Statistical Methods Research and the Future of Personalized Medicine
Eric Laber
Eric
Laber

The vision for personalized medicine is a healthcare system that is deeply tailored to each individual patient leading to better health outcomes while reducing cost and resource consumption. Increased access to large amounts of patient data in the form of health and billing records, insurance claims, and adverse event reporting databases etc., offer an unprecedented opportunity to use data to inform personalized medicine. Thus, statisticians have a key role to play in the transition into the new era of personalized medicine.

In the statistics literature, a central concept in the study of personalized medicine is that of a treatment regime. A treatment regime is a mathematical model of the clinical decision process wherein a clinician uses accruing patient information to adapt treatment to a patients changing health status. This model is represented as a sequence of decision rules, one per stage of clinical intervention, that map up-to-date patient information to a recommended treatment. Coupling a treatment regime with a notion of optimality, i.e., maximal expected symptom reduction, admits a formal definition of a `best regime' and subsequently allows the statistical crank to be turned to grind data into an estimated optimal treatment regime. Furthermore, this framework makes it possible to study a large number of variants of the treatment regime estimation problem, e.g., missing or censored observations, measurement error, longitudinal data, shifting covariate distributions, high-dimension, and so on. Statisticians have been working feverishly over the past 15 years to lay the theoretical and methodological foundations of data-driven treatment regimes including the foregoing variations. This work has produced a number of fundamental insights in the nature of data-driven decision making and generated new knowledge in causal inference, machine learning, optimization, and semi-parametric theory. However, it is time for statisticians to think carefully about the direction of methodological research in personalized medicine.

Black Box

In the quest for (mathematically) optimal data-driven treatment regimes, there has been a push toward more flexible estimators. At the extreme, these estimators become a complex series of computationally intensive steps producing a blackbox treatment regime that is hardly intelligible even to estimator's architect. In many settings, as the estimated regime becomes more complex it becomes less likely it is to impact actual clinical practice. One reason for this is that no prudent clinician is going to take a black-box statistical model fit using a single data set and use it to assign treatments to patients. It is foolish to think that a statistical model fit to data from a single randomized or observational study should supplant both clinical expertise and all past scientific evidence that would otherwise bear on a treatment decision. Yet, in the statistical community, we often motivate the development and evaluation of methodology for treatment regimes as if clinical scientists will blindly abide by the resulting estimated regime. Instead, an estimated regime is more likely to (and should) be used to inform additional research and to become one of many pieces of information contributing to an eventual scientific consensus on how treatment should be tailored to individual patients.

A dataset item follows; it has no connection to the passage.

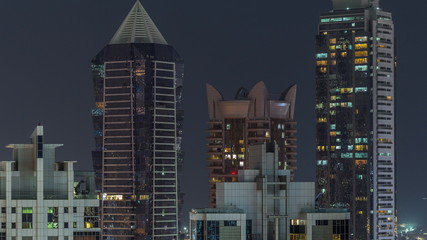 Nighttime view of lights from skyscrapers at evening in Dubai aerial timelapse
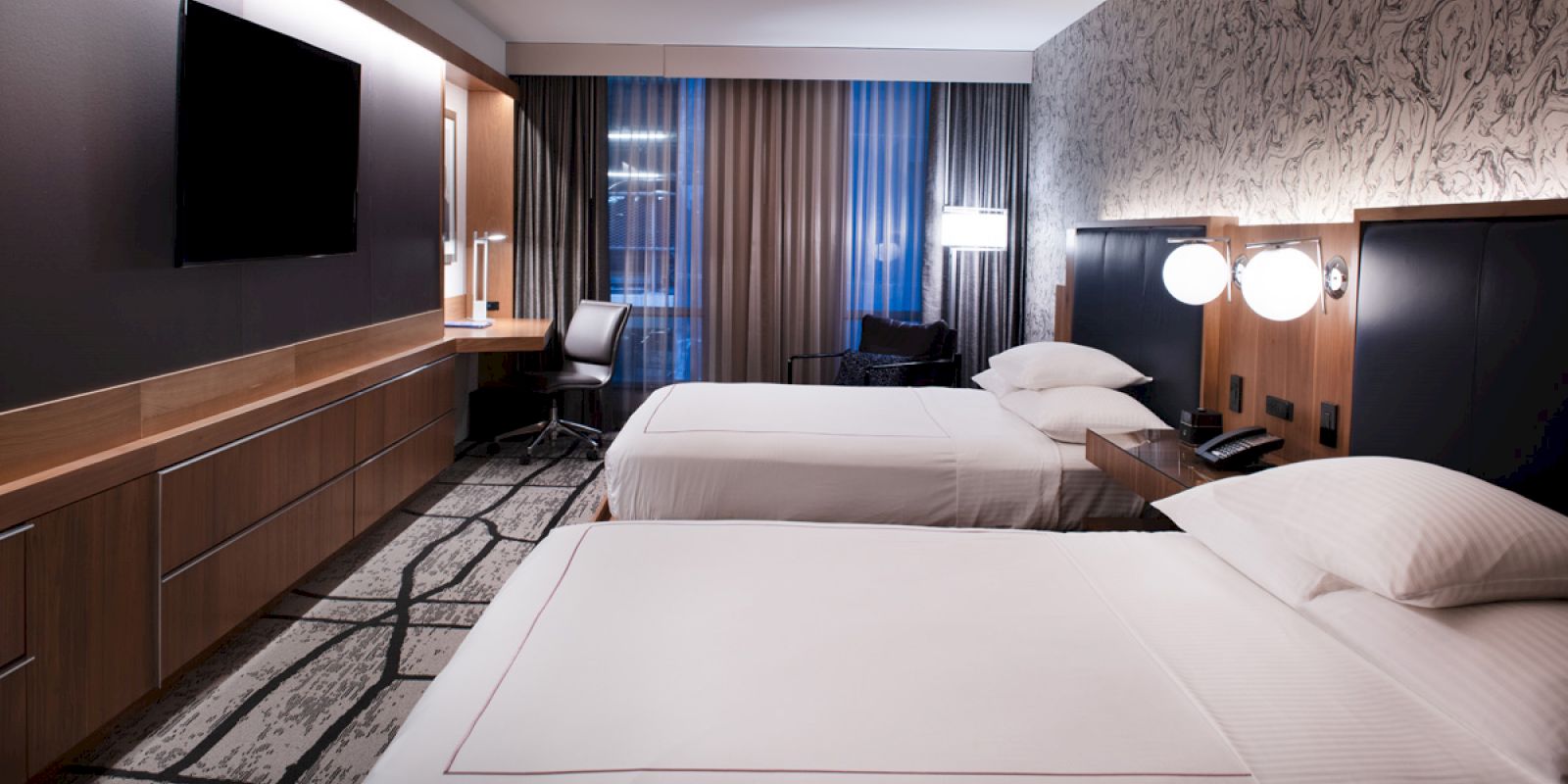 The image shows a modern hotel room with two beds, a TV, a desk, and contemporary lighting and decor, with large curtains covering windows.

Moving forward, it is imperative that statistical research on treatment regimes recognize the role that data-driven regimes are likely to play in scientific development. If our goal is to impact clinical practice, we must consider: (i) the interpretability of a regime; (ii) the ability to quantify trade-offs across multiple outcomes, i.e,. side-effects, measures of efficacy, cost, burden, etc.; (iii) using data to generate new clinical hypotheses; and (iv) visualization and other means of communicating information to patients and clinicians. P01 investigators working on treatment regimes are beginning to make headway on some of these research directions but there is much work to be done. We encourage and welcome both clinical and statistical scientists to help us push this research forward.


Comments/Discussion
I like this article. It's easy to read, and it gives a brief background and aim of personalized/precision medicine. I had some more thoughts on the problem posed by the third paragraph. As said by the author, " In many settings, as the estimated regime becomes more complex it becomes less likely it is to impact actual clinical practice. One reason for this is that no prudent clinician is going to take a black-box statistical model fit using a single data set and use it to assign treatments to patients." I agree that right now, an effort towards making sense of the research outcome is important. Maybe not a black-box, but a clear-box of which the inside complexity can be explained to a certain extent. The future of decision making by a doctor/clinician could be assisted by multiple pieces of software. I think as long as the software (black/clear-box) is proved to be reliable, clinicians in the future will start to use it. In some sense, a medicine is also a black/clear-box. Most of the time, we don't know how it works exactly, but clinical trials give some evidence that the medicine mostly likely works. There is limitation on the amount of information a single person's brain can process and calculate in a short amount of time. When a clinician decides a treatment to be assigned to a patient, the clinician cannot possibly process every bit of information of a patient: past medical history, life style, genetic traits, family disease history, etc. For a single patient, there could be a vast amount of data.

Scientists have been thinking about how to utilize the big amount of data made available by the current technologies and sciences. I think not only innovation on clinical trials, but also innovation on how diagnosis and treatment assignment is performed, will be desired. A science fiction scene: in the near future, patients will get themselves treatments at home using a mobile app on their smart phones.